**EXERCISE DESCRIPTION**
Write out again, exactly as they appear, the lines from the start of the data below through the line with "Otto, black cat, close up"; no pictures.

**Stored data**
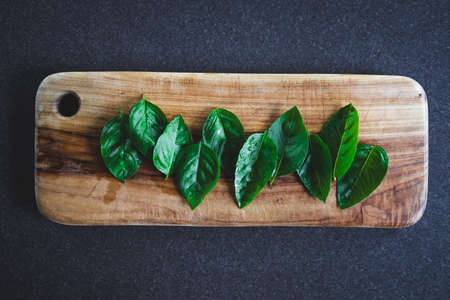 freshly picked basil leaves on wooden cutting board, concept of simple natural healthy ingredientsの写真素材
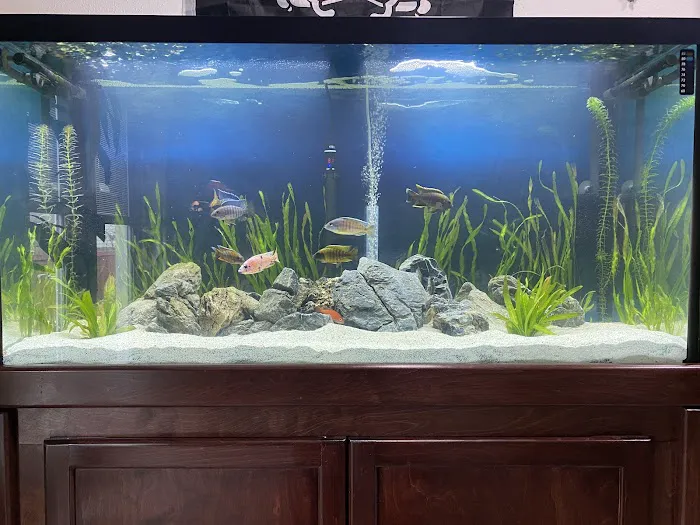 CaliforniaCichlids.com 7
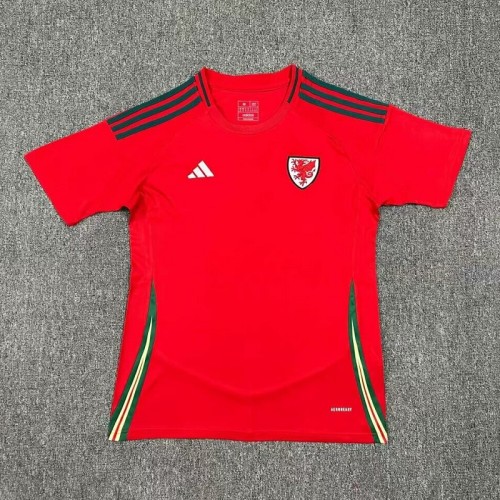 24/25 Wales home football Jersey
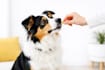 create a professional dog training ebook pet guide
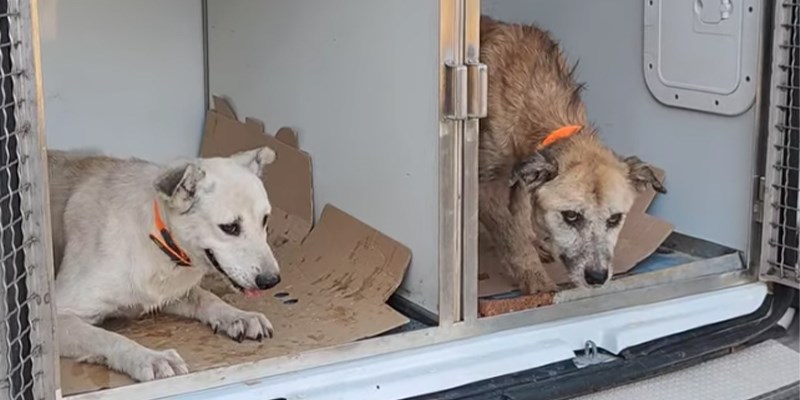Obiettivo «Svuota canili»: a Castellaneta liberati i primi due cani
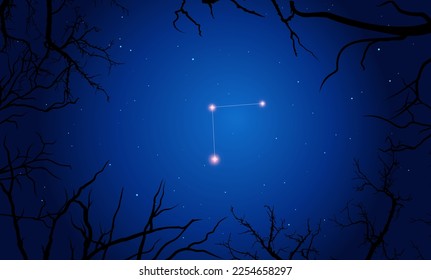 Illustration  of Coma Berenices constellation. Bright constellation in open space, blue sky. Starry sky behind tree silhouette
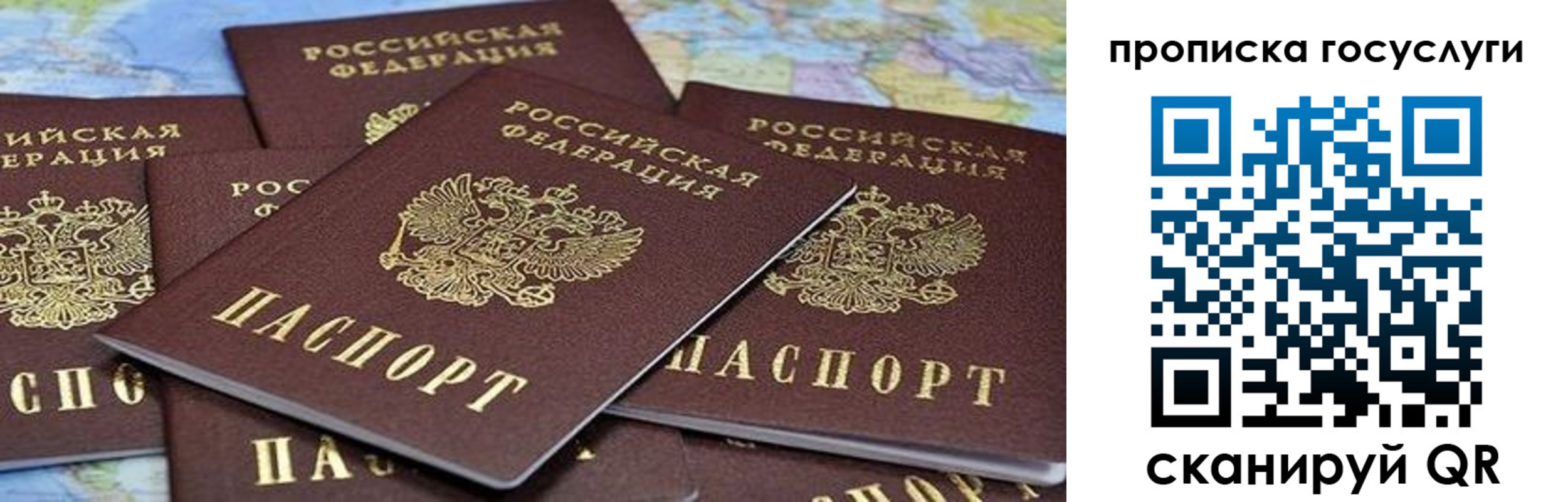 пропишу в квартире в Мурманской области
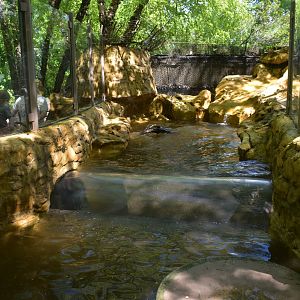 May. 2025 - Children's Enchanted Forest - River Otter Exhibit (Tunnel)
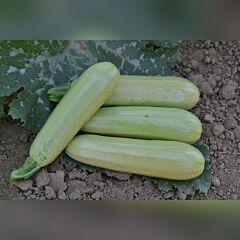 ТЕРЕНУМ F1 / TERENUM F1 - семена кабачка, Spark Seeds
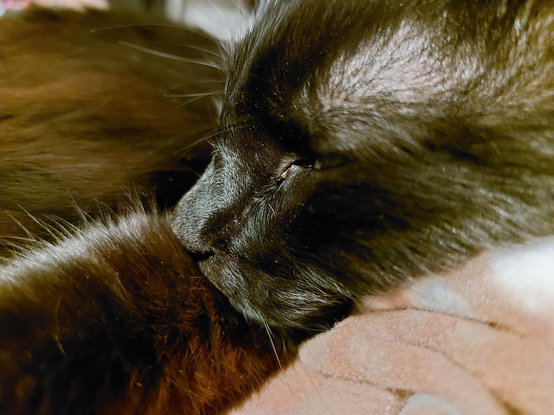 Otto, black cat, close up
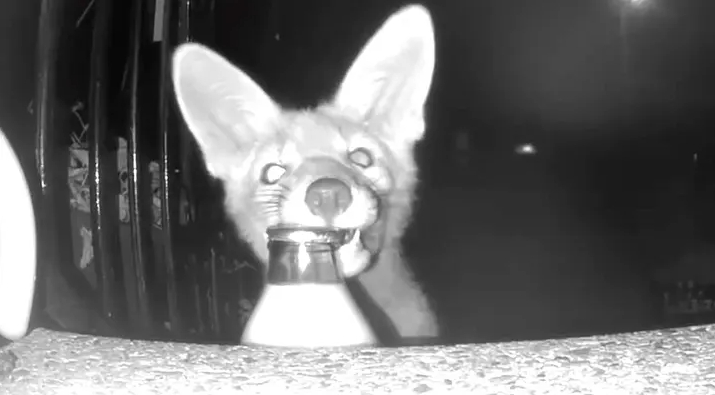   未明に現れた野生のキツネが牛乳瓶を持ち去る様子。［SNS キャプチャー］
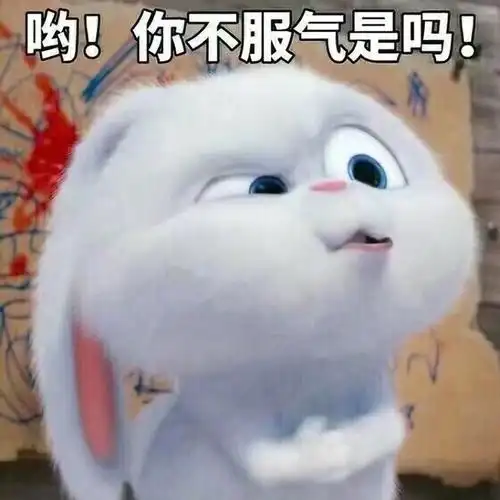 哟你不服气是吗爱宠大机密可爱的小白兔字6767676767爱宠大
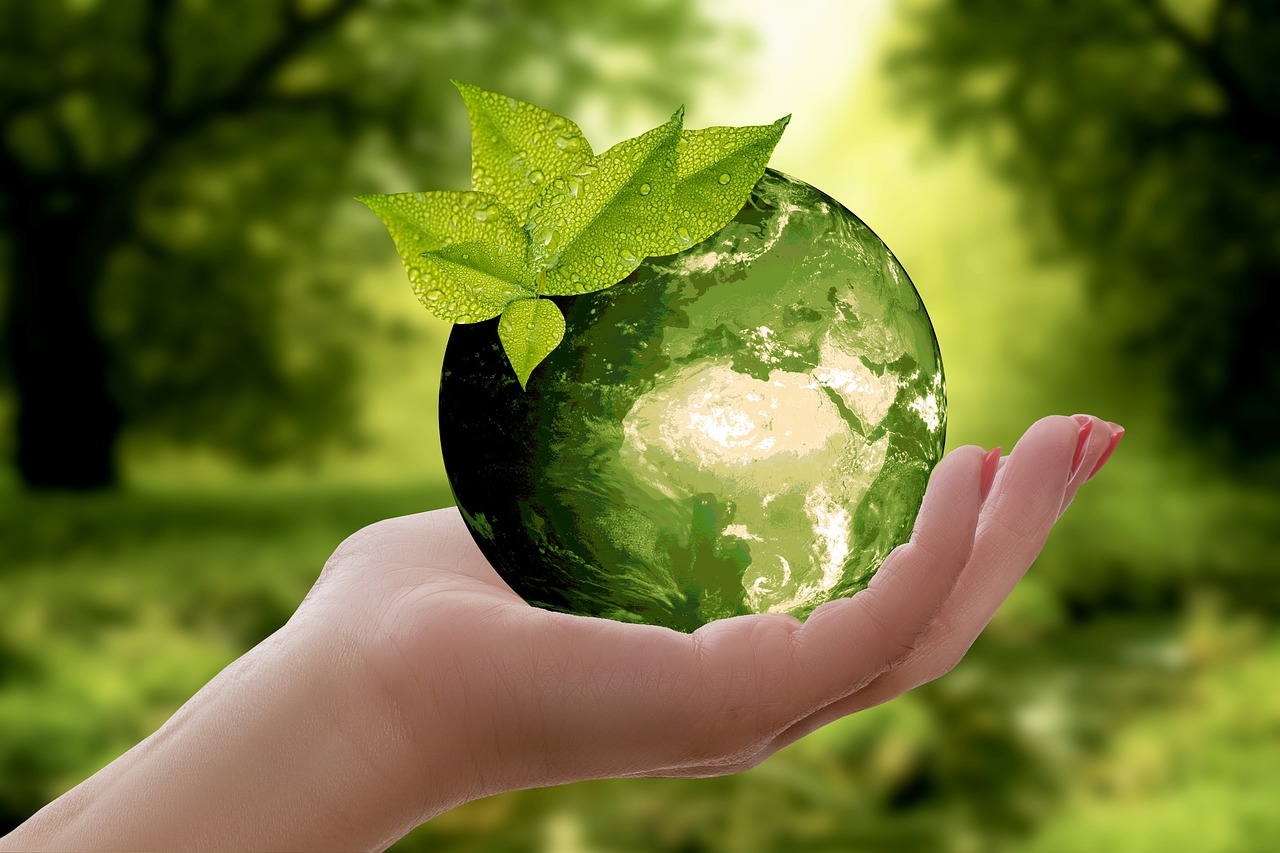 https://pixabay.com/it/photos/natura-terra-sostenibilit%C3%A0-foglia-3289812/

**TASK SOLUTION**
 freshly picked basil leaves on wooden cutting board, concept of simple natural healthy ingredientsの写真素材
 CaliforniaCichlids.com 7
 24/25 Wales home football Jersey
 create a professional dog training ebook pet guide
Obiettivo «Svuota canili»: a Castellaneta liberati i primi due cani
 Illustration  of Coma Berenices constellation. Bright constellation in open space, blue sky. Starry sky behind tree silhouette
 пропишу в квартире в Мурманской области
 May. 2025 - Children's Enchanted Forest - River Otter Exhibit (Tunnel)
 ТЕРЕНУМ F1 / TERENUM F1 - семена кабачка, Spark Seeds
 Otto, black cat, close up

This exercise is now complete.